Shervin Radjabali-Fardi

Personal information
- Full name: Shervin Radjabali-Fardi
- Date of birth: 17 May 1991 (age 34)
- Place of birth: Berlin, Germany
- Height: 1.78 m (5 ft 10 in)
- Position: Left-back

Youth career
- 1996–2001: Hertha Zehlendorf
- 2001–2003: Lichterfelde
- 2003–2008: Hertha BSC

Senior career*
- Years: Team / Apps / (Gls)
- 2008–2013: Hertha BSC II / 62 / (1)
- 2008–2013: Hertha BSC / 0 / (0)
- 2010–2012: → Alemannia Aachen (loan) / 38 / (2)
- 2013–2015: Hansa Rostock / 46 / (2)
- Total:  / 146 / (5)

International career
- Germany U15 / 3 / (0)
- Germany U16 / 9 / (0)
- Germany U17 / 9 / (0)
- 2009: Germany U18 / 1 / (0)
- 2008–2010: Germany U19 / 13 / (0)
- 2010–2011: Germany U20 / 4 / (0)
- 2011: Germany U21 / 1 / (0)

= Shervin Radjabali-Fardi =

German former professional footballer (born 1991)

Shervin Radjabali-Fardi (Persian: شروین رجبعلی‌فردی; born 17 May 1991) is a German former professional footballer who played as a left-back.

==Club career==
Born in Berlin, Germany, Radjabali-Fardi began his career with Hertha Zehlendorf and after five years he joined Lichterfelder FC in 2001. After only two years in Lichterfelde, he was scouted by Hertha BSC.

===Hertha BSC===
Radjabali-Fardi made his Hertha debut on 17 July 2008 in the 2008–09 UEFA Cup first qualifying round 1st leg against Nistru Otaci.

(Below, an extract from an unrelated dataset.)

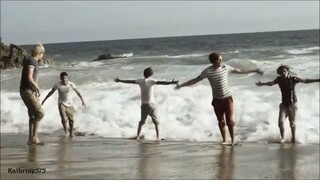 Demi Lovato vs One Direction - What Makes Your Heart Break (MashUp) (Official Music Video)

He played two more UEFA Cup qualifying matches, and Hertha's Europa League group phase match against FK Ventspils the following season, but never featured in Hertha's first team in domestic competitions. After two and a half years on the bench, Hertha loaned him to Alemannia Aachen until the end of the 2011–12 season. He was released by Hertha at the end of the 2012–13 season.

===Alemannia Aachen===
After joining Aachen on loan from Hertha, he made his debut on the 19th matchday of the 2. Bundesliga against Karlsruher SC, and scored his first goal a month later in Aachen's 3–1 win over SC Paderborn 07. Over the course of the loan, Radjabali-Fardi played in about two-thirds of Aachen's matches, making 38 league appearances and scoring twice. At the end of the 2011–12 season, Radjabali-Fardi's loan expired and he returned to Hertha Berlin.

===Hansa Rostock===
On 12 June 2013, Radjabali-Fardi signed for 3. Liga side Hansa Rostock. In August 2014, he tore a cruciate ligament for the second time in his career.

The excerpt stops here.